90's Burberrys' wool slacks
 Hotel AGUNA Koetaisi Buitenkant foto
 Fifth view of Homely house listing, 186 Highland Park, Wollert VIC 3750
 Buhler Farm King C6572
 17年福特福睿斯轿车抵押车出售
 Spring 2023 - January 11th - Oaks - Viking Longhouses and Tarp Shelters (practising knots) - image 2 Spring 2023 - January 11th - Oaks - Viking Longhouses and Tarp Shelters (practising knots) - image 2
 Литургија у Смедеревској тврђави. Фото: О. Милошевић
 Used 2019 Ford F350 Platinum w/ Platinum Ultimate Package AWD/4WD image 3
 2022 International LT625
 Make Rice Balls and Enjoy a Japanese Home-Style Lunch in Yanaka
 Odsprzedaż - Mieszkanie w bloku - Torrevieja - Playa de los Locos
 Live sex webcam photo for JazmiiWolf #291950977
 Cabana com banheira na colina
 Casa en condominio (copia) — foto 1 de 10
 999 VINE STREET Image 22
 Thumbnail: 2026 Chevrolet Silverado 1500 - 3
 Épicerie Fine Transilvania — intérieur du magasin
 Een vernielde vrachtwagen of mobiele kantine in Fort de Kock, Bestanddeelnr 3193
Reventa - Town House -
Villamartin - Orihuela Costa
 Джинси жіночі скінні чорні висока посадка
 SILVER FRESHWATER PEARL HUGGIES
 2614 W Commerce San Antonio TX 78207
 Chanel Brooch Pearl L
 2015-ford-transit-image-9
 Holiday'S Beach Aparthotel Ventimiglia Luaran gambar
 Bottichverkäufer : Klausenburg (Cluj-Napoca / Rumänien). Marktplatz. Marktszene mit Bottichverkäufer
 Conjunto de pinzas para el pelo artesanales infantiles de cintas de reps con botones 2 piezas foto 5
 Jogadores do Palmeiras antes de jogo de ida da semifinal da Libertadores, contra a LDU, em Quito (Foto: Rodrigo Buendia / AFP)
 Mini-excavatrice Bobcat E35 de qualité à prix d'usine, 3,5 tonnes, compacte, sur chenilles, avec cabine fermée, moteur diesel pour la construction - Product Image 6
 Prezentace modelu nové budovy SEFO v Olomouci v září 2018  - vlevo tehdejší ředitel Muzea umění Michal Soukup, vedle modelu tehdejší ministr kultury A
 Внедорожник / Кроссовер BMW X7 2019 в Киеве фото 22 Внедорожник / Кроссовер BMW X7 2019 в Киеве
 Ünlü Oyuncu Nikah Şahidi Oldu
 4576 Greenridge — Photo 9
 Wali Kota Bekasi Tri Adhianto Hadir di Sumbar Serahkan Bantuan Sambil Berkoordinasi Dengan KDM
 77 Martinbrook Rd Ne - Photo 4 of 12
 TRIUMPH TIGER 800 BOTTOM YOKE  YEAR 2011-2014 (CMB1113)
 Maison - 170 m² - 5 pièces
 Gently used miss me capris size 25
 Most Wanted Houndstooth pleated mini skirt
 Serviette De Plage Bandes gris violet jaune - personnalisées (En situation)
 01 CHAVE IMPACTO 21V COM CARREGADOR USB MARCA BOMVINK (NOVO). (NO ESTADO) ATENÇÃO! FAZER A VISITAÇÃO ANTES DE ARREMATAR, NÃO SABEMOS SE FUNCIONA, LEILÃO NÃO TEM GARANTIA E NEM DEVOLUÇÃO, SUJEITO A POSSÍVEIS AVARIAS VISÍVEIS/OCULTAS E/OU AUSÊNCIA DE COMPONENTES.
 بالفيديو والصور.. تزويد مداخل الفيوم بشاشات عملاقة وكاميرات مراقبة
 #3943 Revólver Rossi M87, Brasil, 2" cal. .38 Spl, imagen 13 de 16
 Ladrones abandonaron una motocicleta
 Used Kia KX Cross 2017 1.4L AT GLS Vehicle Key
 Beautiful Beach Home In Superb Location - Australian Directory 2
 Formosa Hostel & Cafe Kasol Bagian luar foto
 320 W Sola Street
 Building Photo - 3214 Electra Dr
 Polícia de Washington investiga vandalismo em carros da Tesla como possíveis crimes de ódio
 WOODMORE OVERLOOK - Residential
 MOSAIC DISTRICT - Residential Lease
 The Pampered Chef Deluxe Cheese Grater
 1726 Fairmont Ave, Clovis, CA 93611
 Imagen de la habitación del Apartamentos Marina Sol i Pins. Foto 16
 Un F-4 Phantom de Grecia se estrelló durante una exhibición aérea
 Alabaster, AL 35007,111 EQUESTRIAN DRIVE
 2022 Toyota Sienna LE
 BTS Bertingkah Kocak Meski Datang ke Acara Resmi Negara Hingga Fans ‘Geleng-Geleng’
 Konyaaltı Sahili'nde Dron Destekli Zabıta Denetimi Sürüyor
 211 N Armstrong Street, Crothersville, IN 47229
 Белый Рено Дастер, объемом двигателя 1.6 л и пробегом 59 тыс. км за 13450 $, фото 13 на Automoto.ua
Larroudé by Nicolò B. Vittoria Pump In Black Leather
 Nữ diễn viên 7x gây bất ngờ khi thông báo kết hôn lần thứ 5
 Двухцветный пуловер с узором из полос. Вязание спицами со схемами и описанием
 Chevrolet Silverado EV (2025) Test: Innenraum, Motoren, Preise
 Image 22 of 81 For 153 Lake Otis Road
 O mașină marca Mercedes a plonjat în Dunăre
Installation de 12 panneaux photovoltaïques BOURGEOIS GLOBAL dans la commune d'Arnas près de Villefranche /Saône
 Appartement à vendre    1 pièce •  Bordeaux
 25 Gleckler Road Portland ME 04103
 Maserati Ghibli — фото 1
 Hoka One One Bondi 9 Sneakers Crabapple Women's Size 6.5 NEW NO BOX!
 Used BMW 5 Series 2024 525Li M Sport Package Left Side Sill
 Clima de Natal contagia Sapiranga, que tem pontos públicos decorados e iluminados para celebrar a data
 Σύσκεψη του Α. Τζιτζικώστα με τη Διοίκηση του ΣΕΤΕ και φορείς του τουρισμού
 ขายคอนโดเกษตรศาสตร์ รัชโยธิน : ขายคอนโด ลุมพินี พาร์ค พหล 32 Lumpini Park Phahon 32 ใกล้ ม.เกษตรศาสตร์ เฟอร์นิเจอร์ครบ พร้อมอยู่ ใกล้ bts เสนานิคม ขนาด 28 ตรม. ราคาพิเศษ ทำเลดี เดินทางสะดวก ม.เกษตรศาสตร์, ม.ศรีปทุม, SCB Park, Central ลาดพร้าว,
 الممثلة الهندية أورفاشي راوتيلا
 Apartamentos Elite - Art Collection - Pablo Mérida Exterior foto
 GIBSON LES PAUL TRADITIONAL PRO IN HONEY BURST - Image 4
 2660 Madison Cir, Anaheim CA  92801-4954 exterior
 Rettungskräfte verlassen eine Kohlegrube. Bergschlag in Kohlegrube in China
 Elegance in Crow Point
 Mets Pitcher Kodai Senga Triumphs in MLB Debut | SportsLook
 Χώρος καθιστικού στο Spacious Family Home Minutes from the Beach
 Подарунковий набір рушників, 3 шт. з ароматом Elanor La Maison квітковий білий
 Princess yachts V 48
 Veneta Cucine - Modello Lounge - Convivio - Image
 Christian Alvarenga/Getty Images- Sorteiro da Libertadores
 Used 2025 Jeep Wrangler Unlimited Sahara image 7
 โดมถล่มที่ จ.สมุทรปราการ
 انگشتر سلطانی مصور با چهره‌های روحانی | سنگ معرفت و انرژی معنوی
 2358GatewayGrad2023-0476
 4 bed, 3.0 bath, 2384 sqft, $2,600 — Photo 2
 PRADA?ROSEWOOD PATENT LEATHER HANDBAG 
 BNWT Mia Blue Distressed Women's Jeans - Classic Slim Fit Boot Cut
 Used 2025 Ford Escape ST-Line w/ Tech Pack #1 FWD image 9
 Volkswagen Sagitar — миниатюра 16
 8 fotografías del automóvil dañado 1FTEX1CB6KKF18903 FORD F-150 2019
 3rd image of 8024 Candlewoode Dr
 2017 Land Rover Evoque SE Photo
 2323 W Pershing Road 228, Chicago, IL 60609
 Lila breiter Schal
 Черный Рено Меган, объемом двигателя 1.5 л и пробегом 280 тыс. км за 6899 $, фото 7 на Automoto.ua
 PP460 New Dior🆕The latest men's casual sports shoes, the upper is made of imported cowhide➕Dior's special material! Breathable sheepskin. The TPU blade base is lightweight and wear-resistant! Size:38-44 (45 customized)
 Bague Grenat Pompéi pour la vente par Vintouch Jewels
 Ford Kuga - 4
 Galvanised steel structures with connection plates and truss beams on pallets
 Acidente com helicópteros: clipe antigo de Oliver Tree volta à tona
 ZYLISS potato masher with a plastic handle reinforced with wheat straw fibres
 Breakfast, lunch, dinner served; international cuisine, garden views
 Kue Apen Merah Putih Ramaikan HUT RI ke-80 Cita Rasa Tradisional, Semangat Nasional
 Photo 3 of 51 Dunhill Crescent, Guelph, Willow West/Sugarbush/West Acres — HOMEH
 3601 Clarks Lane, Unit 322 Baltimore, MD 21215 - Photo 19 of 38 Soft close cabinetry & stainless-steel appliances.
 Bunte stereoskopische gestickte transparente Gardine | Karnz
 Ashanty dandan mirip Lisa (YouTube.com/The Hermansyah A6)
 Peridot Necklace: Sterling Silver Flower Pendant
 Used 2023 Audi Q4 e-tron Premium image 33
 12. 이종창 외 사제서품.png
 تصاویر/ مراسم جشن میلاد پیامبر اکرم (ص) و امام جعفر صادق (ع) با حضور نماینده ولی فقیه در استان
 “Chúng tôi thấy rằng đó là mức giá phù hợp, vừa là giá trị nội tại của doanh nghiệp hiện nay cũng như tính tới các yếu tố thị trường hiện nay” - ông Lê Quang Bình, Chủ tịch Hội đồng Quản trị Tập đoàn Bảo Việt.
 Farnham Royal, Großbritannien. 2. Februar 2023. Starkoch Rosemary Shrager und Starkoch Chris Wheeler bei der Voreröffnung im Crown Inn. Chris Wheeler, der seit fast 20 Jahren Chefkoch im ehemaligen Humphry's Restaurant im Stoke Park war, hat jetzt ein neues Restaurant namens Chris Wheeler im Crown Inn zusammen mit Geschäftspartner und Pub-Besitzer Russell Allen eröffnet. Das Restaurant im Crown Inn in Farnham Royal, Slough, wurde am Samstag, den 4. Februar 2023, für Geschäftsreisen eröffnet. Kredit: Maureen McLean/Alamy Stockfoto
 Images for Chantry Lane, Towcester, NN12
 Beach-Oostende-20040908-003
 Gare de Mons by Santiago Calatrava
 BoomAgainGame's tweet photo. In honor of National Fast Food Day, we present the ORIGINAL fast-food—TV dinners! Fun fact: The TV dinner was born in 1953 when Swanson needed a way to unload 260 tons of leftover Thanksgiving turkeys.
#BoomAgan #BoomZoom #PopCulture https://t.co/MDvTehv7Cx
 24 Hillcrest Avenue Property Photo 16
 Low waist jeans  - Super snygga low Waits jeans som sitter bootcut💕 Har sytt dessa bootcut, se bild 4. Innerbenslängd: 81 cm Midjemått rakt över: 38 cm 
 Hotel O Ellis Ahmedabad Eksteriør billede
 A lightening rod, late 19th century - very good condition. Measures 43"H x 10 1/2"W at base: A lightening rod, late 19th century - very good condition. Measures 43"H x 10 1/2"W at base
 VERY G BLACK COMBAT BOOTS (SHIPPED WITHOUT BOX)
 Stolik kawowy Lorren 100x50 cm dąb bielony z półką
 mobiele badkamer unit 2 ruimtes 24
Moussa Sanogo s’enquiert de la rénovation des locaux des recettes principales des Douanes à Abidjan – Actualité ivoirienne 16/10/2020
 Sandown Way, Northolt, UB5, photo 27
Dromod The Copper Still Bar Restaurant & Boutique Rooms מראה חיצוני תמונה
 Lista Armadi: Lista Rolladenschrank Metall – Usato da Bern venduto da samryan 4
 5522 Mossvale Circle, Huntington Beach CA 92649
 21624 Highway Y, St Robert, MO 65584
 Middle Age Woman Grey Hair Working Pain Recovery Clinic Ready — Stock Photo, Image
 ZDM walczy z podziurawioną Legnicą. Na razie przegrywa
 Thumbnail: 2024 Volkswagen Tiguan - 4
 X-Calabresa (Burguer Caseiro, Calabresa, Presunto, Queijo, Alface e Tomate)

* **What you need to do**:
Write down exactly every line of the material above up to and including the line containing "SILVER FRESHWATER PEARL HUGGIES".

* **Written response**:
90's Burberrys' wool slacks
 Hotel AGUNA Koetaisi Buitenkant foto
 Fifth view of Homely house listing, 186 Highland Park, Wollert VIC 3750
 Buhler Farm King C6572
 17年福特福睿斯轿车抵押车出售
 Spring 2023 - January 11th - Oaks - Viking Longhouses and Tarp Shelters (practising knots) - image 2 Spring 2023 - January 11th - Oaks - Viking Longhouses and Tarp Shelters (practising knots) - image 2
 Литургија у Смедеревској тврђави. Фото: О. Милошевић
 Used 2019 Ford F350 Platinum w/ Platinum Ultimate Package AWD/4WD image 3
 2022 International LT625
 Make Rice Balls and Enjoy a Japanese Home-Style Lunch in Yanaka
 Odsprzedaż - Mieszkanie w bloku - Torrevieja - Playa de los Locos
 Live sex webcam photo for JazmiiWolf #291950977
 Cabana com banheira na colina
 Casa en condominio (copia) — foto 1 de 10
 999 VINE STREET Image 22
 Thumbnail: 2026 Chevrolet Silverado 1500 - 3
 Épicerie Fine Transilvania — intérieur du magasin
 Een vernielde vrachtwagen of mobiele kantine in Fort de Kock, Bestanddeelnr 3193
Reventa - Town House -
Villamartin - Orihuela Costa
 Джинси жіночі скінні чорні висока посадка
 SILVER FRESHWATER PEARL HUGGIES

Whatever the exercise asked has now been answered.